Creating a dataset and uploading the data

Let's have a look at the available data before we define the corresponding dataset object.

Customers table

The data we will visualize in this tutorial represent our customers. The anonymized table contains each customer's internal ID, city, address, sex, age group and most importantly - latitude and longitude of the address. The table also contains code of the neighborhood to which the address belongs, which we'll use later.

The CSV file can be downloaded here: customers.csv

NameTitleData type
customer_idCustomer IDinteger
neighborhood_codeNeighborhood codestring
cityCustomer's citystring
addressCustomer's addressstring
sexCustomer's sexstring
age_groupCustomer's age groupstring
latAddress latitudelatitude
lngAddress longitudelongitude

Download the CSV file and put it in the /data folder of your dump.

Creating a dataset

Now, we will create the corresponding dataset. Dataset object has some specifics which differ it from other metadata objects:

  • it contains properties with featureTitle and featureSubtitle settings
  • has a ref object instead of content

The properties.featureTitle and properties.featureSubtitle properties specify the content of the tooltip shown when hovering the dataset's features in the map. In this case, it will be customer_id and an address.
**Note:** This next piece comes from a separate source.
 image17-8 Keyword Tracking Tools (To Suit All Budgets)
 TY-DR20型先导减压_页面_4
Now, to the ref object. The type of the dataset is dwh, and the subtype is geometryPoint, because the table represents customers' addreses (points) that have a latitude and longitude. The table's primaryKey is the customer_id property. In the visualizations object, we say that we want to visualize it as a dotmap and a heatmap (the only two available for geometryPoint). The dataset is not categorizable by default, and none of its properties are filterable, as they will not appear in filters (more about filters later). It's data are also not allowed to be searched by full text search - fullTextIndex property.
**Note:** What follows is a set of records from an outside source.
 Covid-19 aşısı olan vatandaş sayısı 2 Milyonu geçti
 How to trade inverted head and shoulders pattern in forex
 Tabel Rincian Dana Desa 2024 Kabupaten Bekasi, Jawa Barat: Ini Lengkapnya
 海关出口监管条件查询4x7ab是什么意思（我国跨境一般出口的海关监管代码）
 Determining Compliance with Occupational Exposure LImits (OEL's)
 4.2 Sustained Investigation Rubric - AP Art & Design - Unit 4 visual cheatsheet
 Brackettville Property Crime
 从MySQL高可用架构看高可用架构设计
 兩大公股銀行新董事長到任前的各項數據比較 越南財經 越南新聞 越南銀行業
The zoom object at the end can be used to modify the zoom levels for the dotmap visualization. This can be handy when there's a lot of dots, which could be a performance problem.

Using your text editor, save this dataset as customers.json to the /metadata/datasets subdirectory in your dump directory.

Using the status command, the dataset and the corresponding CSV file will be listed as new.

Use addMetadata to add it the dataset to the project, and pushProject to upload the CSV file.